Back-Office Consolidation

Centralizing accounting, compliance, HR, and CSR functions across acquired agencies eliminates redundant overhead, typically improving EBITDA margins by 5–10 percentage points post-integration.

Carrier Leverage and Contingents

Aggregated premium volume unlocks preferred carrier appointments, higher contingent commission tiers, and profit-sharing agreements unavailable to standalone agencies at sub-$10M premium volume.

Cross-Selling Across Books

Introducing specialty lines — management liability, cyber, employee benefits — to acquired commercial accounts generates organic revenue growth of 8–15% without incremental client acquisition costs.

Multiple Arbitrage on Exit

Acquiring add-ons at 5–7x EBITDA and exiting the combined platform at 9–12x to a larger PE sponsor or national consolidator creates substantial equity value beyond organic earnings growth.

Exit Strategy

Most commercial insurance brokerage roll-ups pursue a sale to a larger PE-backed consolidator or national brokerage at 9–12x EBITDA within 5–7 years. Platforms exceeding $5M EBITDA attract buyers including Acrisure, BRP Group, and Hub International. Secondary PE recapitalizations provide liquidity while retaining upside for continued growth.

Frequently Asked Questions

What multiple should a platform insurance brokerage expect to pay for add-on acquisitions?

Add-ons typically trade at 5–7x EBITDA versus platform multiples of 7–9x, creating immediate arbitrage. Earnout structures tied to 12–24 month retention lower effective multiples further when client concentration risk exists.

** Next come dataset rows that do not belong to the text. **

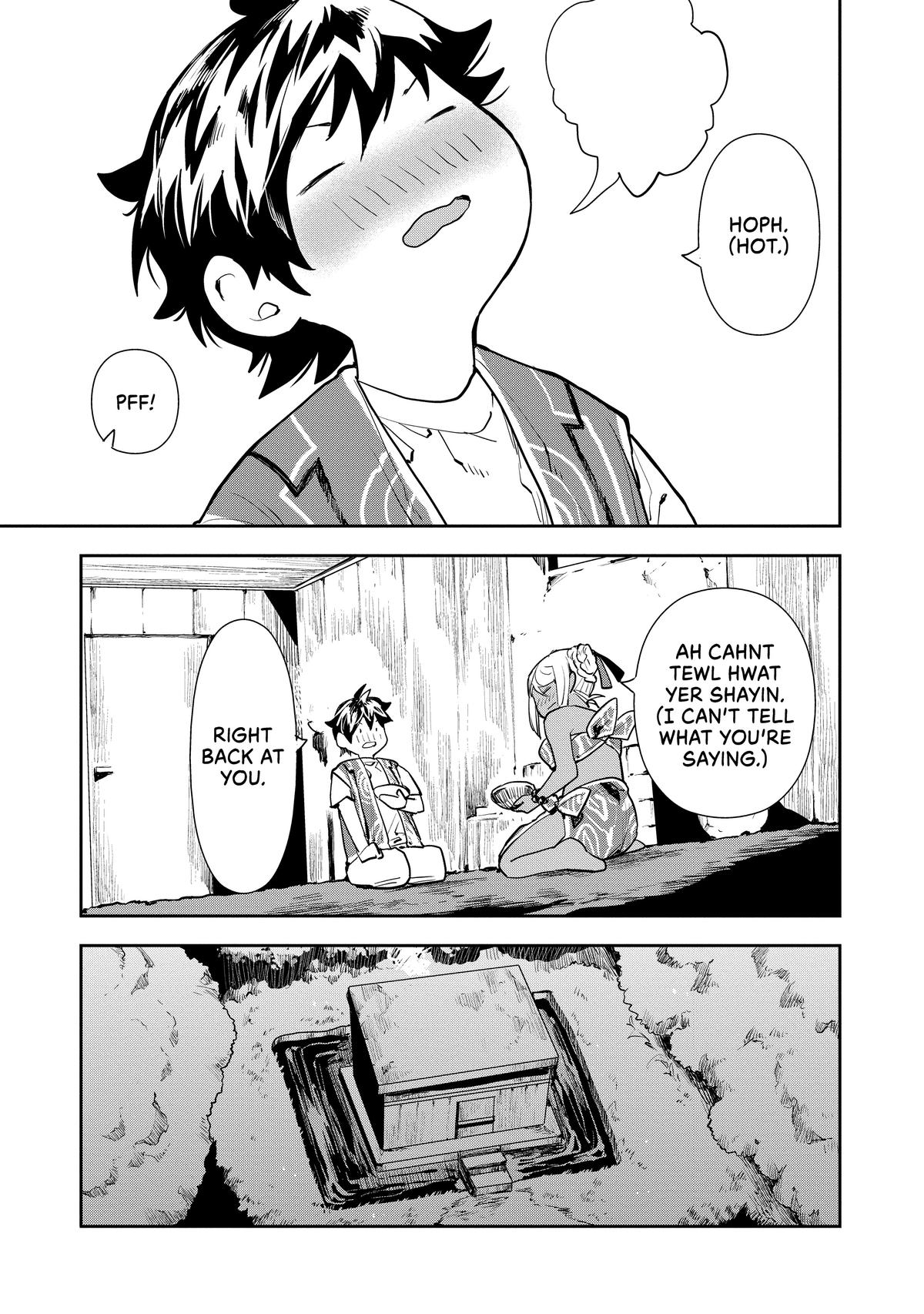 Cooking With Wild Game Chapter 46 23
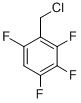 CAS 登录号：21622-18-4， 1-(氯甲基)-2,3,4,5-四氟-苯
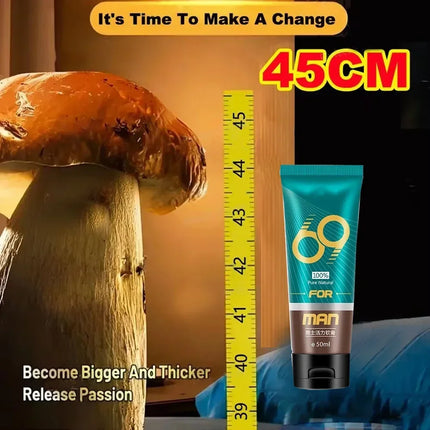Penis Enlargement Growth Bigger Stronger Man Max Size Products Dick Erection Enhancement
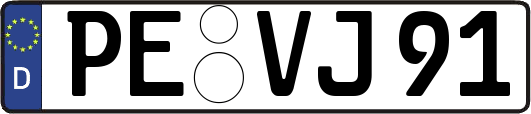 PE-VJ91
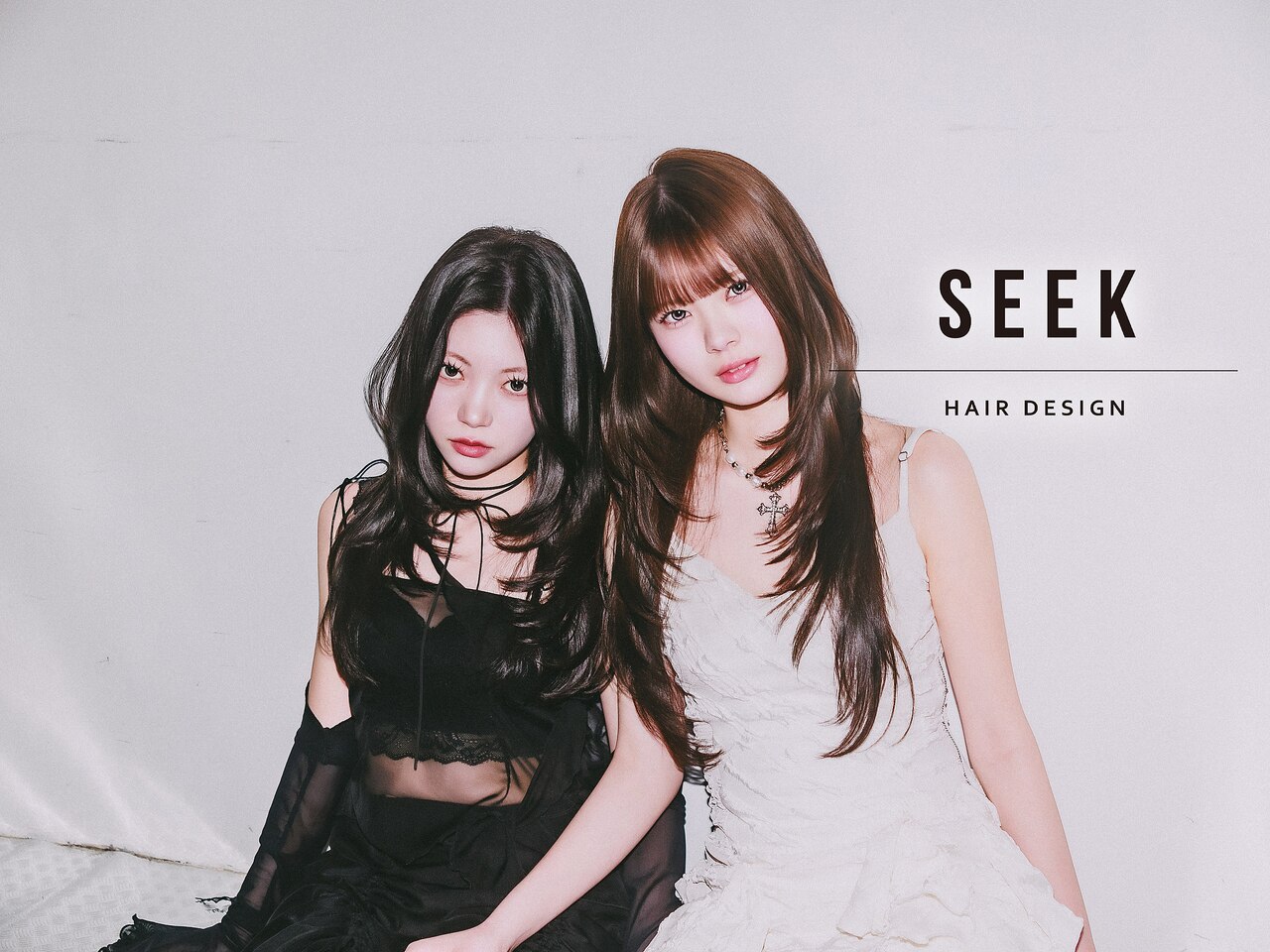 シーク 天神(SEEK)｜ホットペッパービューティー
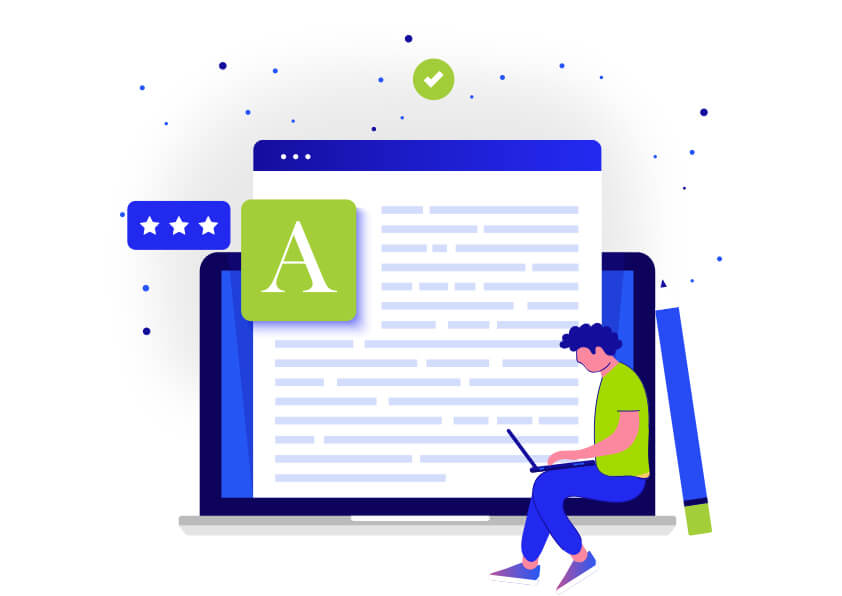 Essay Writing Service Online 24/7 – 7$/page blog writing service
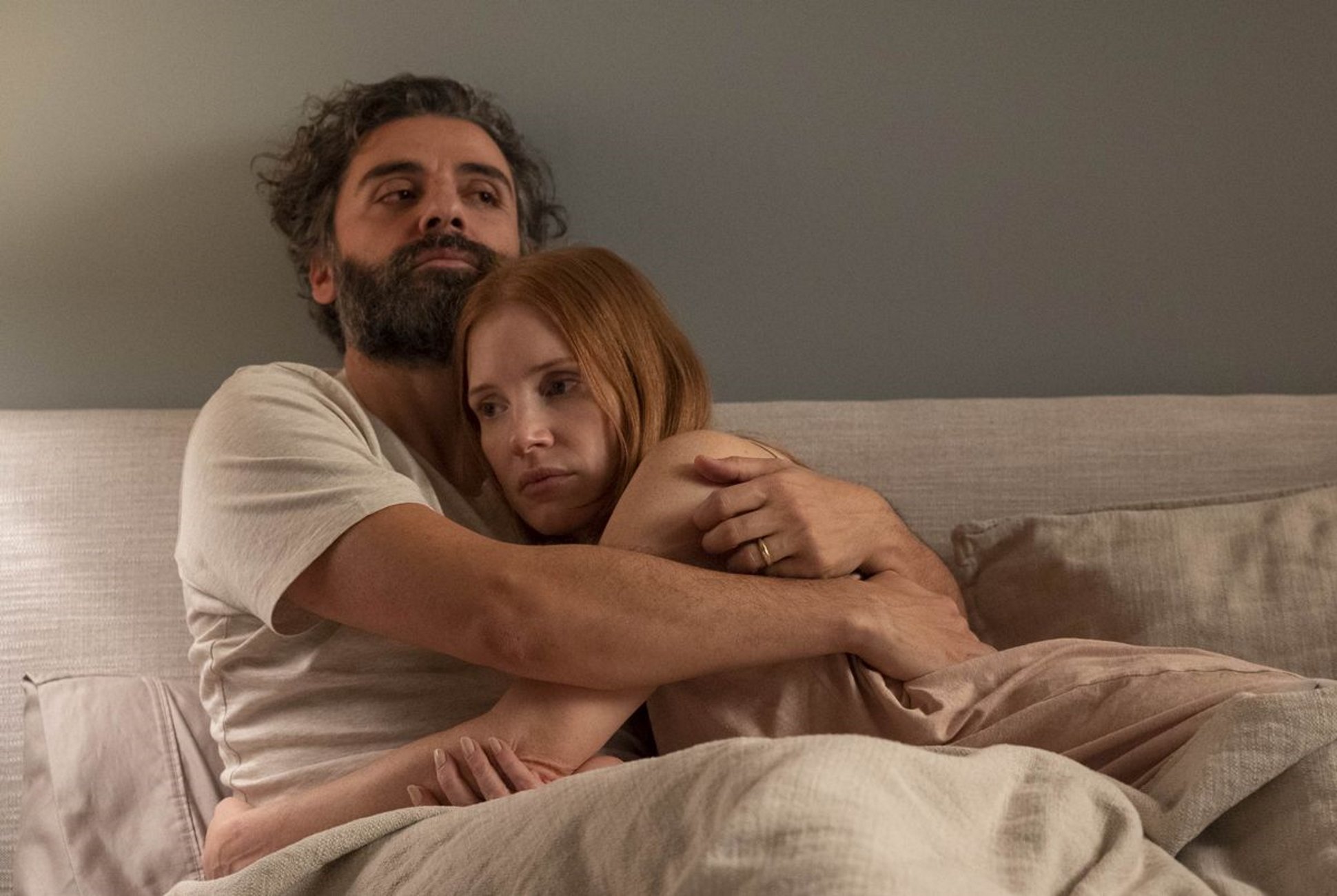 'Secretos de un matrimonio', la nueva miniserie de HBO que no te puedes perder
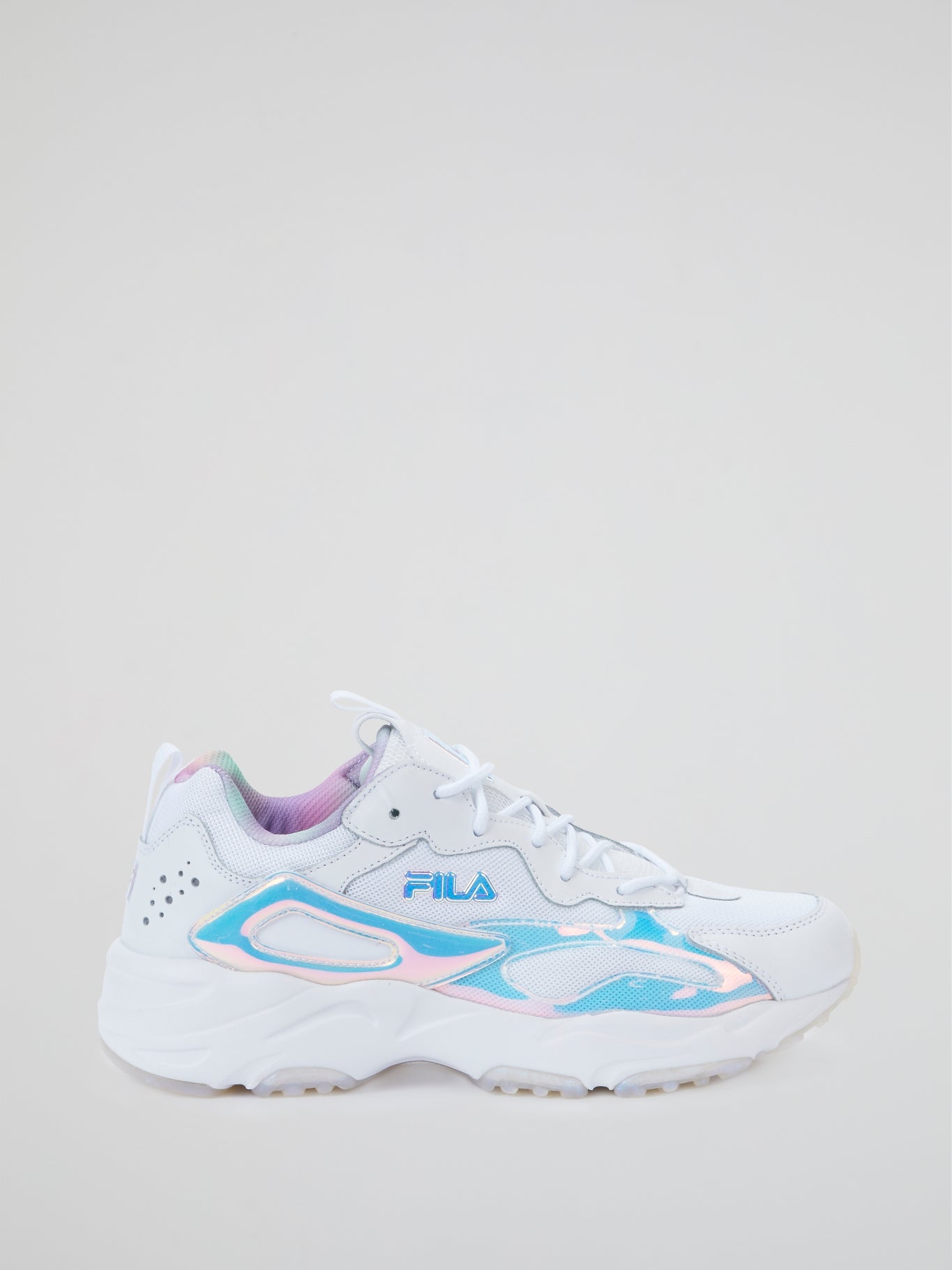 FILA SNEAKERS MODEL RAY TRACER IRI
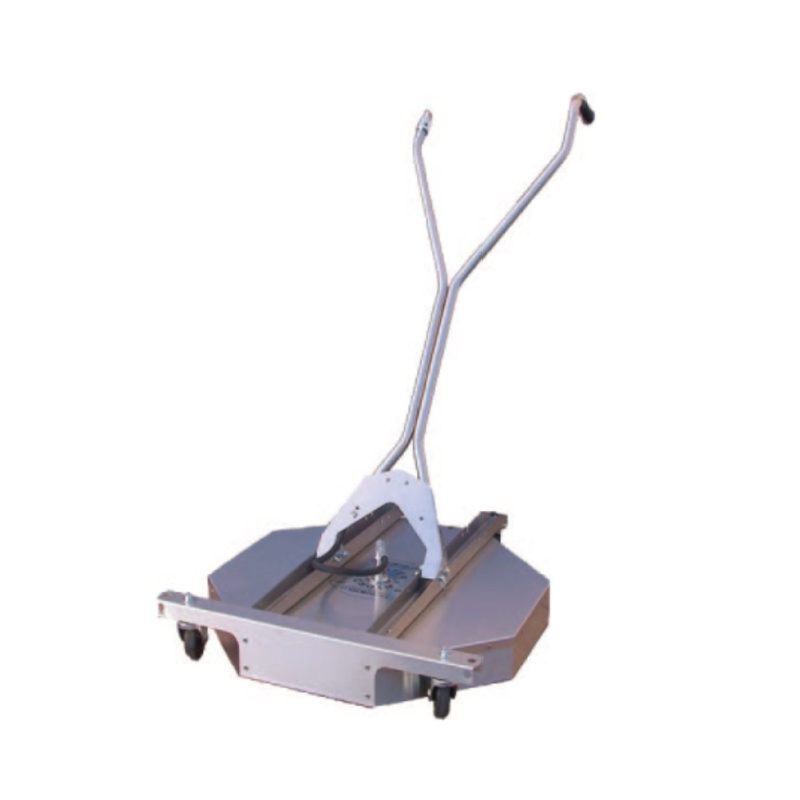 Aussie Pumps Hydro Twister Flat Surface Cleaner Main
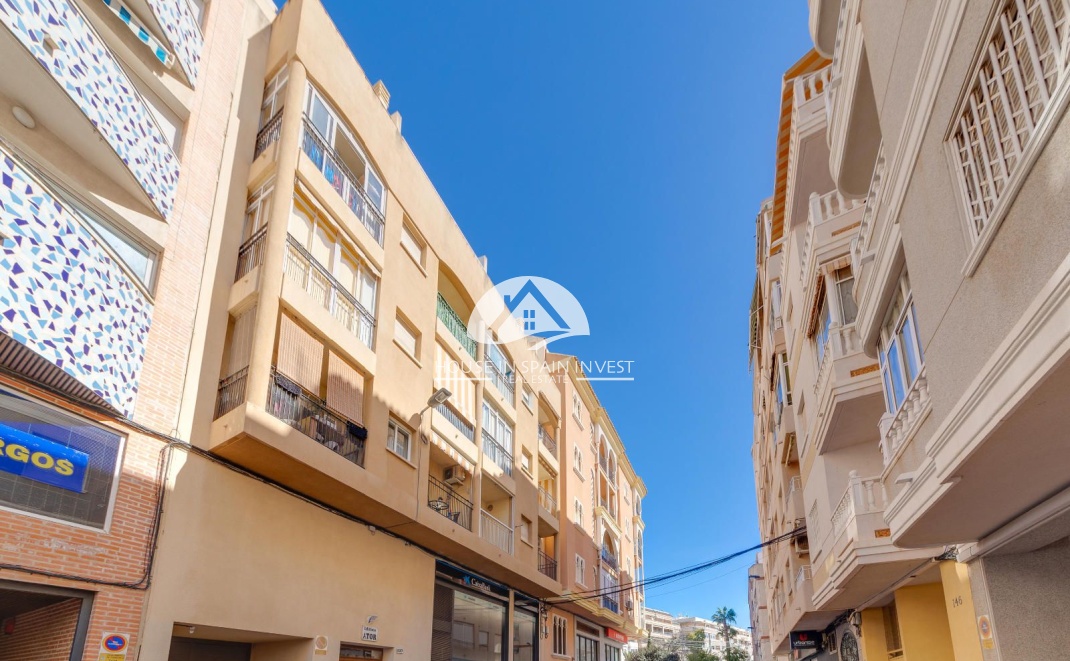 Reventa - Ático - Torrevieja - Habaneras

How do carrier appointment transfers work in an insurance brokerage acquisition?

Carrier appointments belong to the agency entity. Asset purchases require re-application; stock purchases typically preserve appointments. Buyers must audit all carrier agreements pre-close and confirm transferability before signing.

How important is an earnout in commercial insurance brokerage deals?

Earnouts are standard, typically 70–80% upfront with 20–30% contingent on 12–24 month client retention. They protect buyers from key-person departure risk while incentivizing selling producers to actively support transition.

What is the biggest integration risk in an insurance brokerage roll-up?

Key-person dependency. When the selling owner personally holds client relationships, retention post-close is uncertain. Mitigate through employment agreements, structured transition periods, and earnout alignment before closing.